Repository files navigation

Introduction to Haskell

Learn Haskell by CIS 194: Introduction to Haskell (Spring 2015) from UPenn. If the URL doesn't work, try this one.

Following are my notes for each week's lectures and homeworks.

  1. Introduction to Haskell
  2. Polymorphism and Functional Programming
  3. Algebraic Data Types
  4. Type Classes
  5. IO
  6. Lazy Evaluation
  7. Monads
  8. Monads II
  9. Testing (omitted)
  10. GADT
  11. Unsafe Haskell (omitted)
  12. Making Haskell Projects

Week 1 Introduction to Haskell

This lecture mainly focuses on high-level introduction on Haskell's features and helps familiarize students with the syntax. The homework serves the same purpose so it's quite straightforward.

One of the good aspects of writing Haskell programs is that once you make the compiler happy, 90% of the time your implementation would be correct (at lease for simple programs :).

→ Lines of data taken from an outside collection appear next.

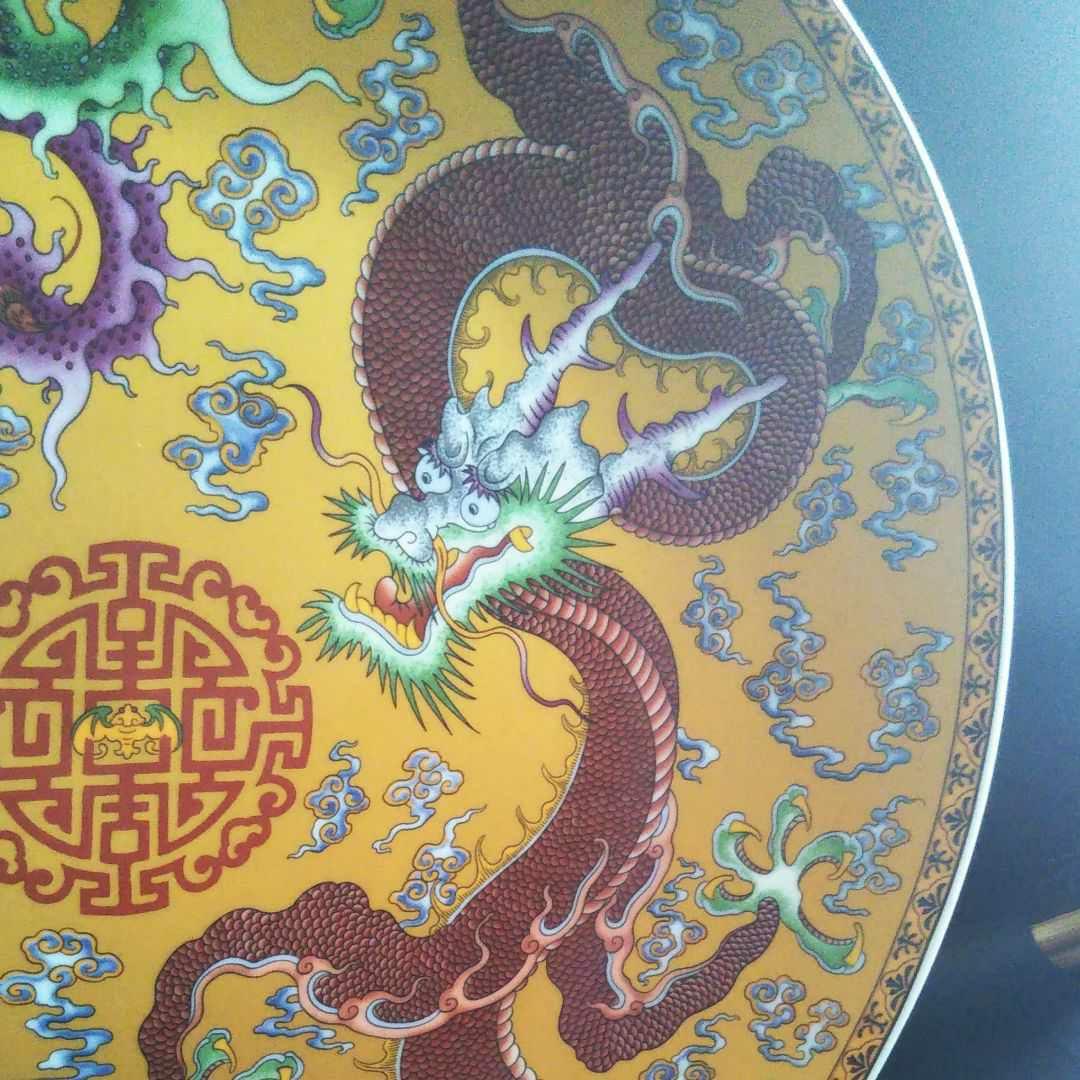 ※中国古美術/粉彩龍鳳凰紋大瓶/(底款:大清乾隆年製)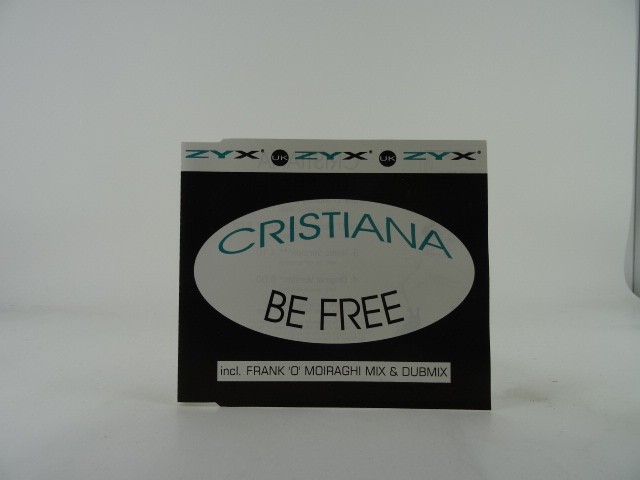 CRISTIANA BE FREE (A99) 4 Track CD Single including Picture Sleeve ZYX RECORDS
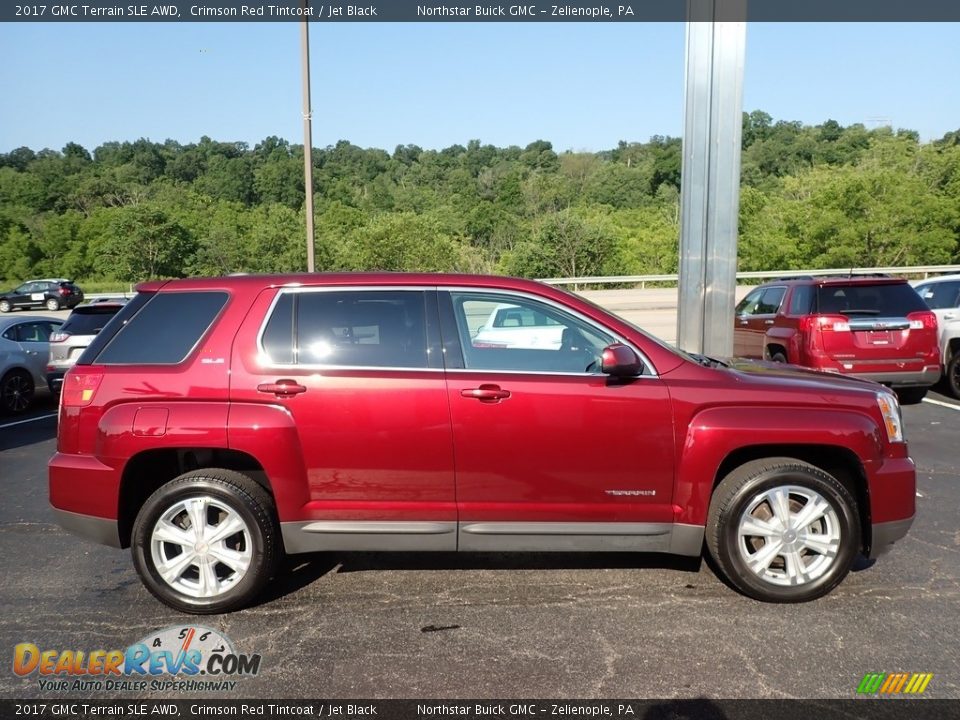 2017 GMC Terrain SLE AWD Crimson Red Tintcoat / Jet Black Photo #5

Something worth noting during my implementation of the homework:

Week 2 Polymorphism and Functional Programming

Additional syntax is introduced, including variable binding by where and let, functions like map and filter, currying & partial application and point-free style. But more importantly, it mentions parametric polymorphism and type variables, which for now are easy and straightforward to understand, but will cause headache in later sections...

Other small notes:

Week 3 Algebraic Data Types

This lecture mainly talks about how to define custom data types and use them by pattern matching, which in my understanding is way better than check type with isInstanceOf.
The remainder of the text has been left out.